--- Extracted records Enclosed Below ---

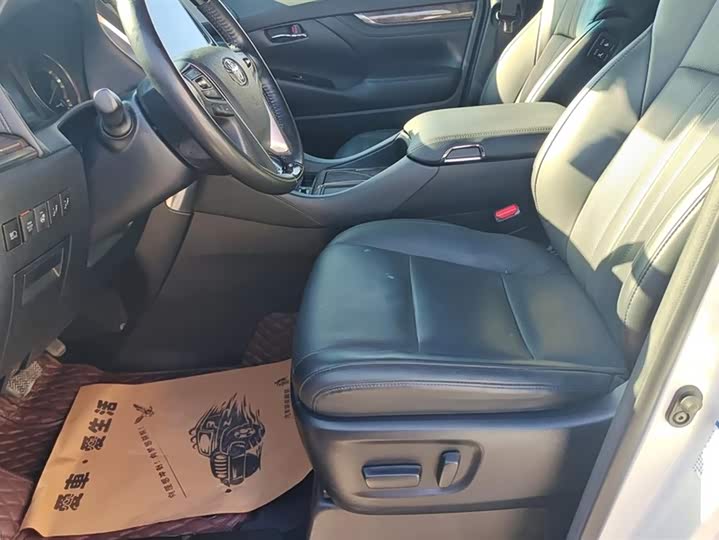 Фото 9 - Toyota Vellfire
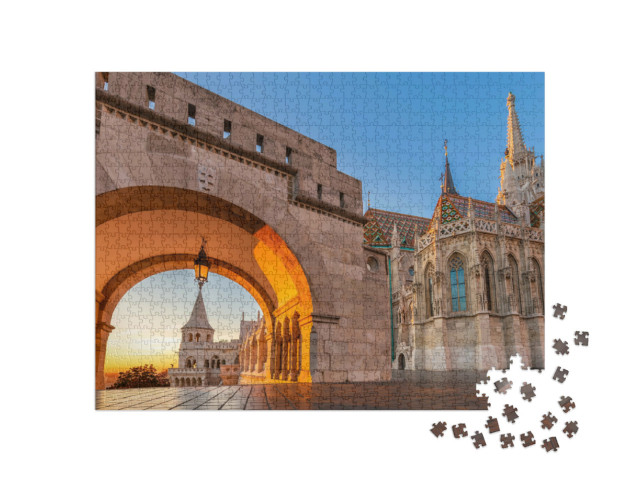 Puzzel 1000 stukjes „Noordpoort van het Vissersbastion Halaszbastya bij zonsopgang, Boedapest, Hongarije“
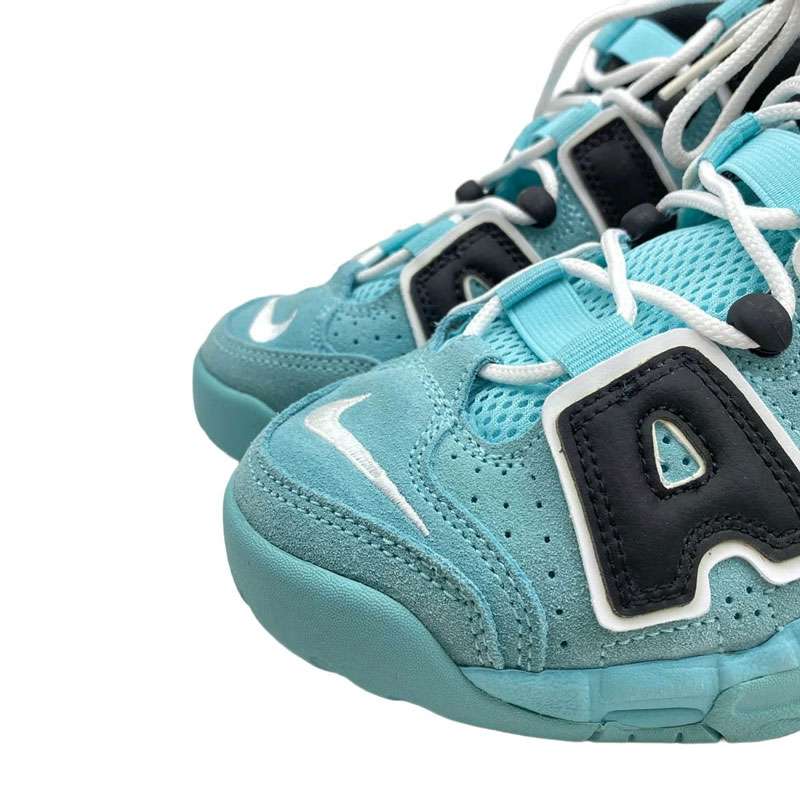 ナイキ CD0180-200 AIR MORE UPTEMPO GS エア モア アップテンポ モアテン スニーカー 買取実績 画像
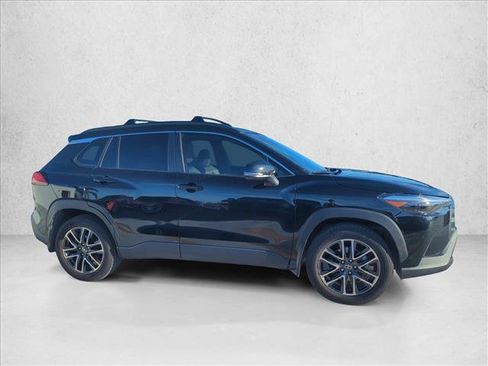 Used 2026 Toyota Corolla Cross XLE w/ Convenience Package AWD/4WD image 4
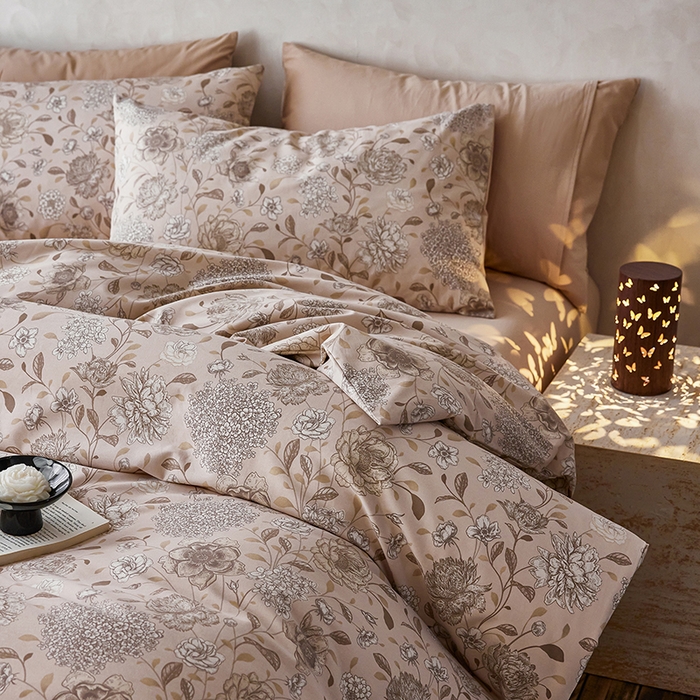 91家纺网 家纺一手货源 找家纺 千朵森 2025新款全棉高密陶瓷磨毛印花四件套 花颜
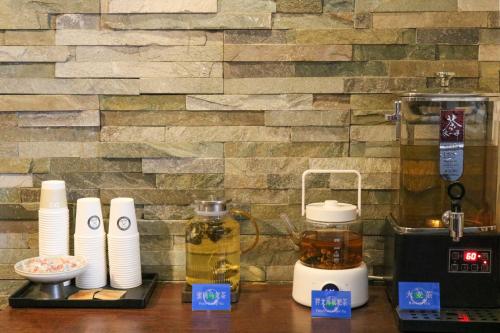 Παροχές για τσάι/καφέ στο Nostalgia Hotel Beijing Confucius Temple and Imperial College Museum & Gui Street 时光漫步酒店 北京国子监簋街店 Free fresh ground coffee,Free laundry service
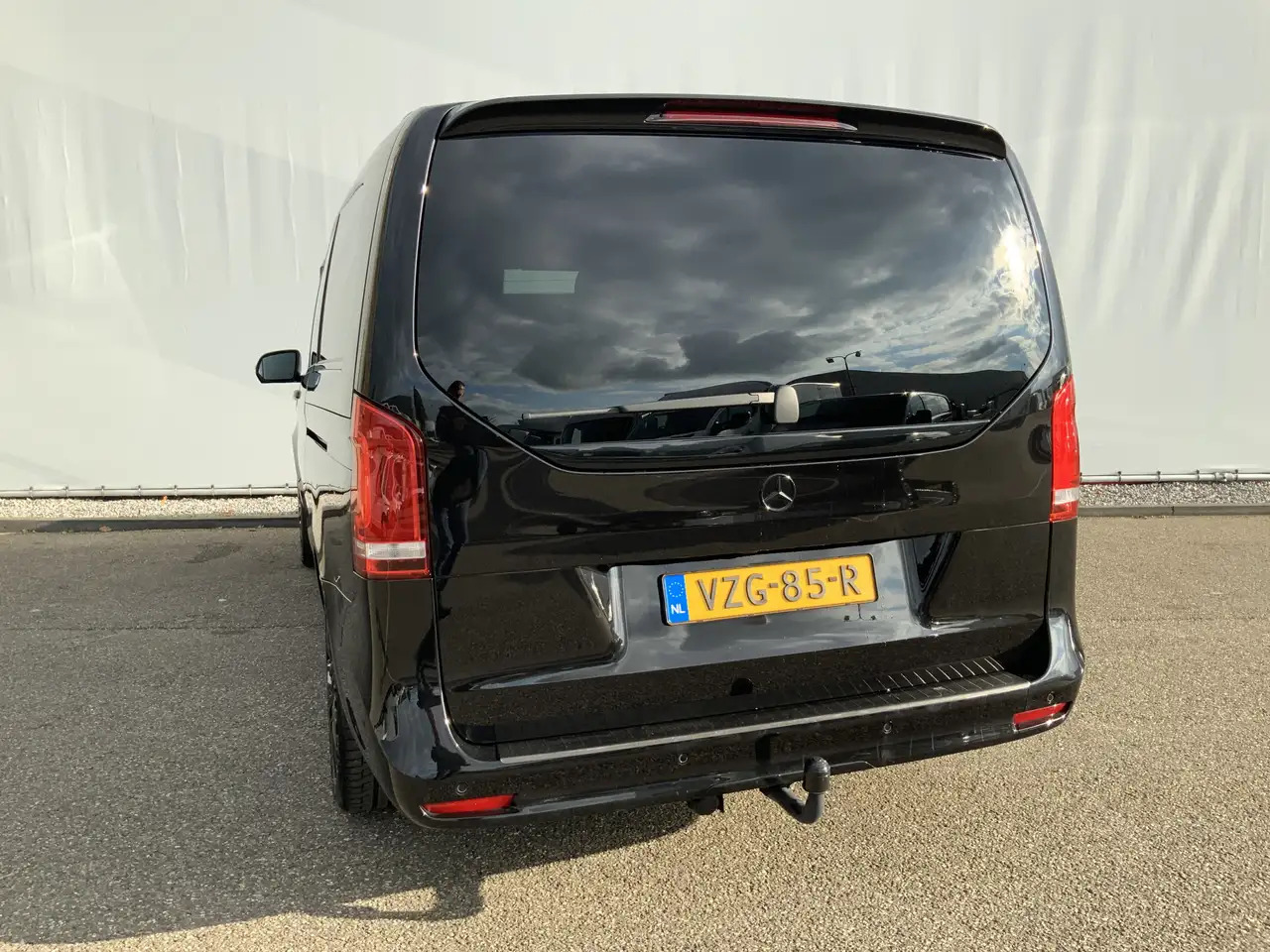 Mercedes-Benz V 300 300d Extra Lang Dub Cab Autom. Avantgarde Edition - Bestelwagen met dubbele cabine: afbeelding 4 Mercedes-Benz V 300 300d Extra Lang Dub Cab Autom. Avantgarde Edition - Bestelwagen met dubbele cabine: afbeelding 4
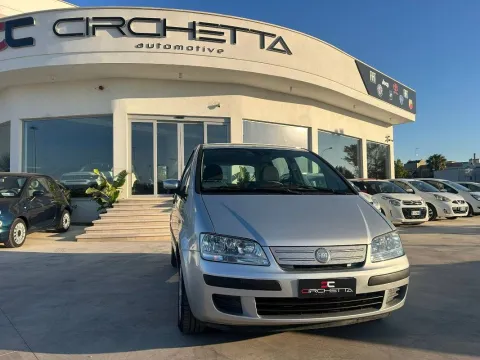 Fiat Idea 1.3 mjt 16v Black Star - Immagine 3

--- End of Enclosed Extracted records ---

__To do__:
Images are not part of the copy. Everything else in the records must be reproduced exactly.

__Response__:
 Фото 9 - Toyota Vellfire
 Puzzel 1000 stukjes „Noordpoort van het Vissersbastion Halaszbastya bij zonsopgang, Boedapest, Hongarije“
 ナイキ CD0180-200 AIR MORE UPTEMPO GS エア モア アップテンポ モアテン スニーカー 買取実績 画像
 Used 2026 Toyota Corolla Cross XLE w/ Convenience Package AWD/4WD image 4
 91家纺网 家纺一手货源 找家纺 千朵森 2025新款全棉高密陶瓷磨毛印花四件套 花颜
 Παροχές για τσάι/καφέ στο Nostalgia Hotel Beijing Confucius Temple and Imperial College Museum & Gui Street 时光漫步酒店 北京国子监簋街店 Free fresh ground coffee,Free laundry service
 Mercedes-Benz V 300 300d Extra Lang Dub Cab Autom. Avantgarde Edition - Bestelwagen met dubbele cabine: afbeelding 4 Mercedes-Benz V 300 300d Extra Lang Dub Cab Autom. Avantgarde Edition - Bestelwagen met dubbele cabine: afbeelding 4
 Fiat Idea 1.3 mjt 16v Black Star - Immagine 3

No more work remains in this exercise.